The reader might be curious about the title of this chapter. Am I attempting to stigmatize the field of mental health? Is the term shrink or headshrinker a slur that devalues the field? To many, the term may be neutral and just an alternative to mental health specialist. However, to me and many other medical students deciding on their specialty, the term might denote an unwanted and perhaps even feared profession. This idea of asymmetric power dynamics may have potentially given birth to the term, headshrinker.

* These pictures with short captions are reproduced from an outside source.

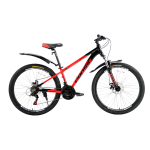 Велосипед Cross Flash 2024 26" 13" Червоний-Чорний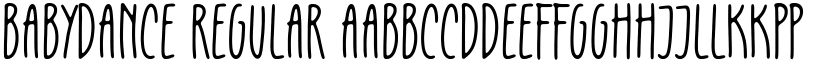 Babydance Regular font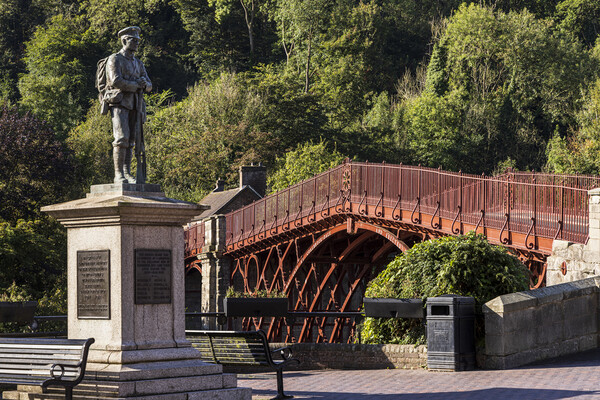 Ironbridge and war memorial, Shropshire Picture Board by Phil Crean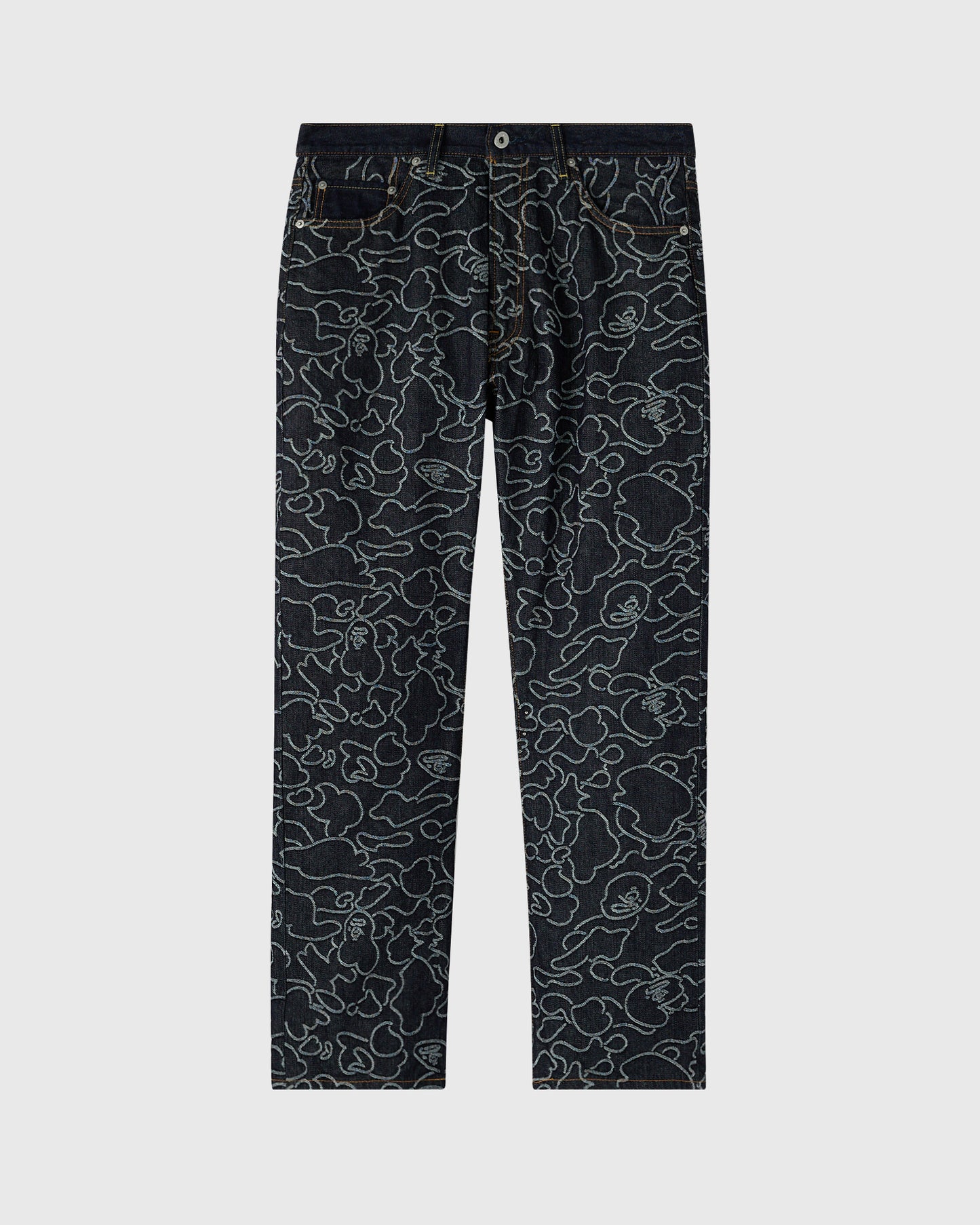 BAPE® Neon 1st Camo Denim Pant - Indigo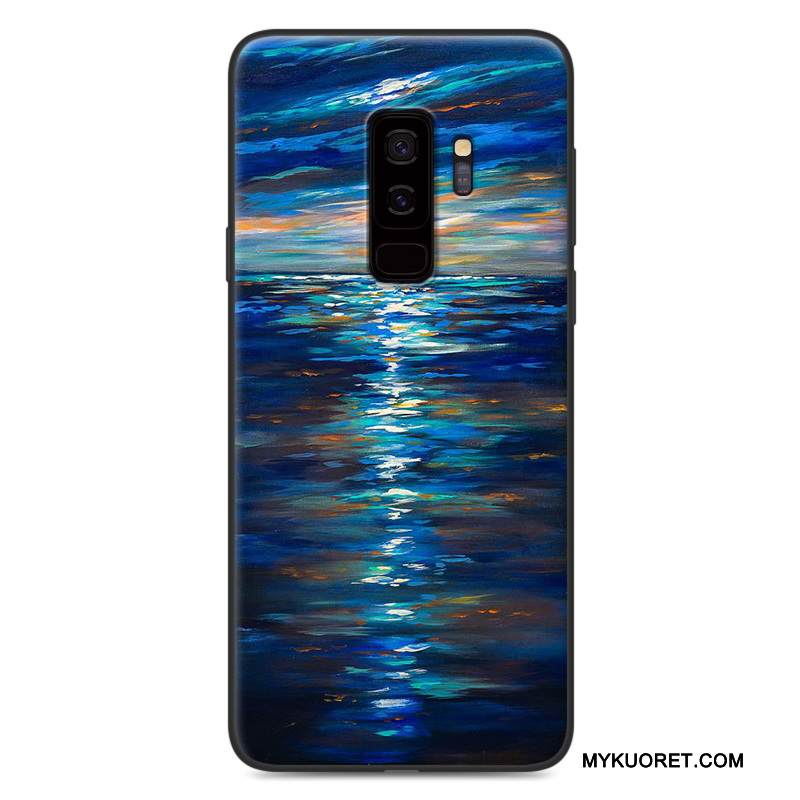 Kuori Samsung Galaxy S9 Laukut Puhelimen Kuoret Pesty Suede, Kotelo Samsung Galaxy S9 Suojaus Jauhe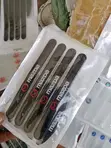 8pc Black Flexible Mazda Door Sill Scuff Protector Set - 2
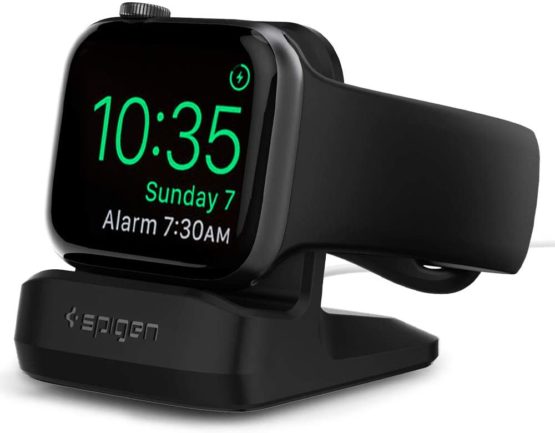 Spigen S350 Designed for Apple Watch Stand for 45mm/44mm/40mm Series 7/6/SE/5/4 and 42mm/38mm Series 3/2/1 - Black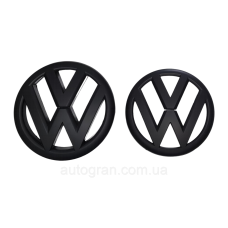 Емблема решітки і багажника VW Volkswagen Polo 2009-2014 чорна матова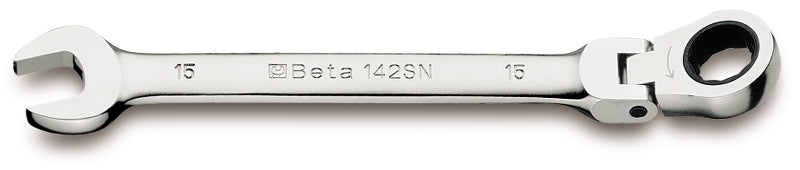 Beta omschakelbare ratelringsteeksleutel met kniegewricht 142sn 8 - 001420208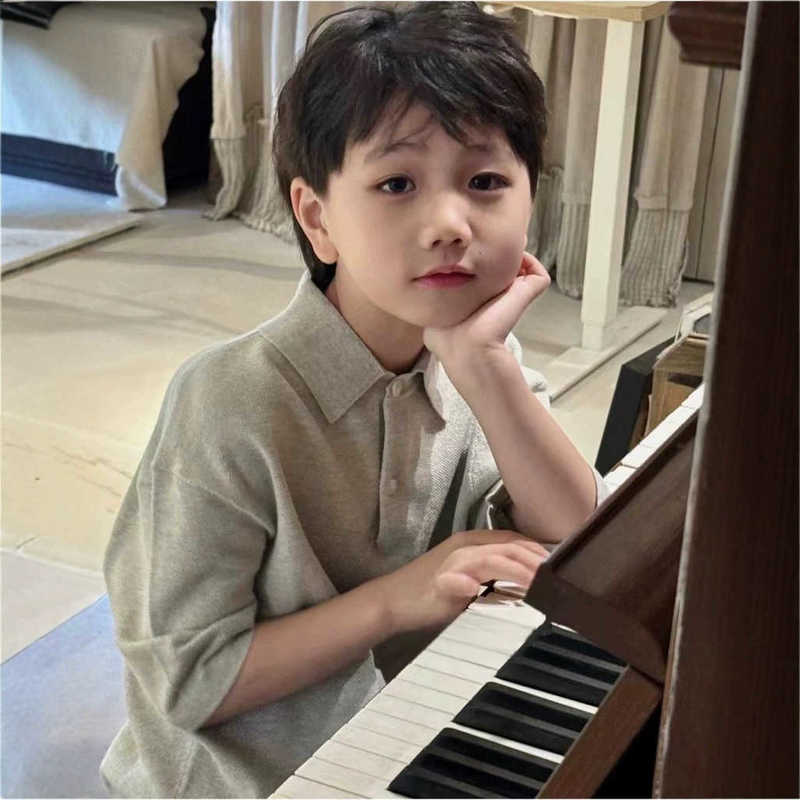 Women's T-Shirt Korean children's clothing boys' polo shirt summer fashion short-sleeve children's turn-down collar t-shirt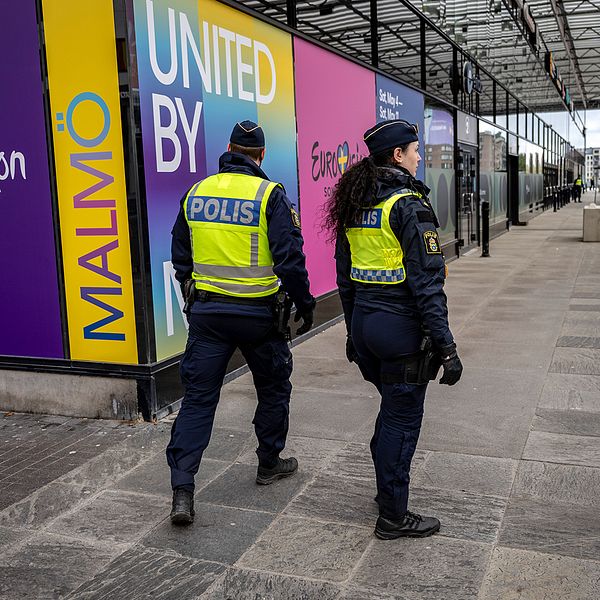 Bildmontage: Malmö Arena och Polis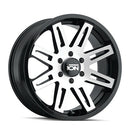 17X9 Ion Alloy 142 Black-Machined Wheel/Rim 5x127 ET-12 142-7973B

It is speculated that this term was first introduced by Time magazine in 1950 while discussing the success of a Hollywood actor . The literal meaning likely stems from the rituals of the Jivaro Indians of South America . Once the enemy was killed in battle, the Jivaro Indian warrior would shrink the head to the size of fist while maintaining its facial features. The traditions were based on assumptions that a shrunk head assumed magical power. The intention was to humiliate the foe while bringing good luck to those who possessed the head . There are other speculations about the term, headshrinker, but most of the amorphous meanings symbolize similar characteristics: that the psychiatrist is an authority figure with special powers, even magical ones, and possibly threatening or hazardous to one who is being “shrunk”.
These ideas among many others fuel the stigma surrounding mental health. It highlights the experiences of many of my patients who not only struggle with their mental illness but also with having to see a psychiatrist. There is evidence from military population that perceived stigma increases with the amount of symptoms . In other words, the greater the psychiatric distress in a soldier, the higher is his or her perception of stigma. Some of the factors behind it include fear of being seen weak, harm to career, or loss of confidence by leadership.
This stigma also existed for me when deciding on a specialty after medical school. It is not an uncommon phenomenon. Among physicians, there is perceived marginalization of the professional identity of the psychiatrist which acts as a deterrent when choosing psychiatry as a subspecialty . Psychiatry has struggled in the recent years to recruit medical students into its ranks .
The stigma and aversion to the idea of becoming a psychiatrist developed much earlier for me. Prior to medical school, I served in the Marine Corps after high school. The typical story in my Marine unit among the young service members was threatening an underperforming Marine, typically referred to as a shit-bird Marine, with a “visit to see the headshrinker.” In the hearts of many of my fellow Marines, this developed a visceral negative response. With this professional “baggage,” then how did I ended up as a psychiatry resident at Walter Reed?